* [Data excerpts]
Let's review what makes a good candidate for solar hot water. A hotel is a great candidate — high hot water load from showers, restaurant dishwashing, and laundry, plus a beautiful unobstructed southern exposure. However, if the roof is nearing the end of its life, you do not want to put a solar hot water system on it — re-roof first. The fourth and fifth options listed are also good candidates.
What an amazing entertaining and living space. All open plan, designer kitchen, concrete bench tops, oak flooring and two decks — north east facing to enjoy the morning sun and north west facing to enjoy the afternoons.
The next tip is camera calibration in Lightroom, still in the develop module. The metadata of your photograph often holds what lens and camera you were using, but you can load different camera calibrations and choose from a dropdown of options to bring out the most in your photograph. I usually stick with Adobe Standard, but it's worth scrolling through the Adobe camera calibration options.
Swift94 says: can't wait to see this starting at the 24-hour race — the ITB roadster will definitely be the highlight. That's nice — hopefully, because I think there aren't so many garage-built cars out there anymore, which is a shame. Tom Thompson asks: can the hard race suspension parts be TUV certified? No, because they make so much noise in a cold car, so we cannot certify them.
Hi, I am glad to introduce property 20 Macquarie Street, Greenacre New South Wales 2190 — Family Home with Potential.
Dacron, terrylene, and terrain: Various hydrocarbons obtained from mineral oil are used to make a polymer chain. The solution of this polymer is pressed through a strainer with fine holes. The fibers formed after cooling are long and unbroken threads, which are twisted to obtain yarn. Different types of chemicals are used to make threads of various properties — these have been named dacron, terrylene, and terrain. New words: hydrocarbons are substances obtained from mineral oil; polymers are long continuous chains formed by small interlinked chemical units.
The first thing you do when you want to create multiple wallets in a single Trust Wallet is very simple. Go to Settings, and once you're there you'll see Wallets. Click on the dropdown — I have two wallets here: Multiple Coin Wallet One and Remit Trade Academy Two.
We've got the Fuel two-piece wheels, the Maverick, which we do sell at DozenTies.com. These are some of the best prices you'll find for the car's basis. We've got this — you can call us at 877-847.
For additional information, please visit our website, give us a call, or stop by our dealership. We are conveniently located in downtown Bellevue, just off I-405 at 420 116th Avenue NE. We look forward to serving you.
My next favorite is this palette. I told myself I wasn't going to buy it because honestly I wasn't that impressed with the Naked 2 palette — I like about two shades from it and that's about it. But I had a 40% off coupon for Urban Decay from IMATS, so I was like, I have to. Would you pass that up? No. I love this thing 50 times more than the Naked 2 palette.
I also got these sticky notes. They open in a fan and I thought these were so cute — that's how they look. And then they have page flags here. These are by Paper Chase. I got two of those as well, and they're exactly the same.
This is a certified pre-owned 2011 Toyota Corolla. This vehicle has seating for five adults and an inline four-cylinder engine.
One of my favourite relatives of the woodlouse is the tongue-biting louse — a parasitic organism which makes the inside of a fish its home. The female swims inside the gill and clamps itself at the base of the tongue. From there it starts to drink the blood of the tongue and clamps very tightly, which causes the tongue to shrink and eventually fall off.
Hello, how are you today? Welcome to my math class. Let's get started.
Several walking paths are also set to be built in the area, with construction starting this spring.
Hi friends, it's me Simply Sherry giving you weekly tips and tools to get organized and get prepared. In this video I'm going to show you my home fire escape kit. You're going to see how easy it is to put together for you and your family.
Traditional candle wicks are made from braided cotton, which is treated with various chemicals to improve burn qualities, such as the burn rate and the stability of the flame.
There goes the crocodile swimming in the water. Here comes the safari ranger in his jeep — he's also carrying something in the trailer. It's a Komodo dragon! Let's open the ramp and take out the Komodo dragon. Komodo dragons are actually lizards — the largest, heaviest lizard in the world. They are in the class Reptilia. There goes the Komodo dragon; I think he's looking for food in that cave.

* [WHAT THE TASK REQUIRES] The entries above must be output exactly, with every line preserved.

* [ANSWER AREA]
Let's review what makes a good candidate for solar hot water. A hotel is a great candidate — high hot water load from showers, restaurant dishwashing, and laundry, plus a beautiful unobstructed southern exposure. However, if the roof is nearing the end of its life, you do not want to put a solar hot water system on it — re-roof first. The fourth and fifth options listed are also good candidates.
What an amazing entertaining and living space. All open plan, designer kitchen, concrete bench tops, oak flooring and two decks — north east facing to enjoy the morning sun and north west facing to enjoy the afternoons.
The next tip is camera calibration in Lightroom, still in the develop module. The metadata of your photograph often holds what lens and camera you were using, but you can load different camera calibrations and choose from a dropdown of options to bring out the most in your photograph. I usually stick with Adobe Standard, but it's worth scrolling through the Adobe camera calibration options.
Swift94 says: can't wait to see this starting at the 24-hour race — the ITB roadster will definitely be the highlight. That's nice — hopefully, because I think there aren't so many garage-built cars out there anymore, which is a shame. Tom Thompson asks: can the hard race suspension parts be TUV certified? No, because they make so much noise in a cold car, so we cannot certify them.
Hi, I am glad to introduce property 20 Macquarie Street, Greenacre New South Wales 2190 — Family Home with Potential.
Dacron, terrylene, and terrain: Various hydrocarbons obtained from mineral oil are used to make a polymer chain. The solution of this polymer is pressed through a strainer with fine holes. The fibers formed after cooling are long and unbroken threads, which are twisted to obtain yarn. Different types of chemicals are used to make threads of various properties — these have been named dacron, terrylene, and terrain. New words: hydrocarbons are substances obtained from mineral oil; polymers are long continuous chains formed by small interlinked chemical units.
The first thing you do when you want to create multiple wallets in a single Trust Wallet is very simple. Go to Settings, and once you're there you'll see Wallets. Click on the dropdown — I have two wallets here: Multiple Coin Wallet One and Remit Trade Academy Two.
We've got the Fuel two-piece wheels, the Maverick, which we do sell at DozenTies.com. These are some of the best prices you'll find for the car's basis. We've got this — you can call us at 877-847.
For additional information, please visit our website, give us a call, or stop by our dealership. We are conveniently located in downtown Bellevue, just off I-405 at 420 116th Avenue NE. We look forward to serving you.
My next favorite is this palette. I told myself I wasn't going to buy it because honestly I wasn't that impressed with the Naked 2 palette — I like about two shades from it and that's about it. But I had a 40% off coupon for Urban Decay from IMATS, so I was like, I have to. Would you pass that up? No. I love this thing 50 times more than the Naked 2 palette.
I also got these sticky notes. They open in a fan and I thought these were so cute — that's how they look. And then they have page flags here. These are by Paper Chase. I got two of those as well, and they're exactly the same.
This is a certified pre-owned 2011 Toyota Corolla. This vehicle has seating for five adults and an inline four-cylinder engine.
One of my favourite relatives of the woodlouse is the tongue-biting louse — a parasitic organism which makes the inside of a fish its home. The female swims inside the gill and clamps itself at the base of the tongue. From there it starts to drink the blood of the tongue and clamps very tightly, which causes the tongue to shrink and eventually fall off.
Hello, how are you today? Welcome to my math class. Let's get started.
Several walking paths are also set to be built in the area, with construction starting this spring.
Hi friends, it's me Simply Sherry giving you weekly tips and tools to get organized and get prepared. In this video I'm going to show you my home fire escape kit. You're going to see how easy it is to put together for you and your family.
Traditional candle wicks are made from braided cotton, which is treated with various chemicals to improve burn qualities, such as the burn rate and the stability of the flame.
There goes the crocodile swimming in the water. Here comes the safari ranger in his jeep — he's also carrying something in the trailer. It's a Komodo dragon! Let's open the ramp and take out the Komodo dragon. Komodo dragons are actually lizards — the largest, heaviest lizard in the world. They are in the class Reptilia. There goes the Komodo dragon; I think he's looking for food in that cave.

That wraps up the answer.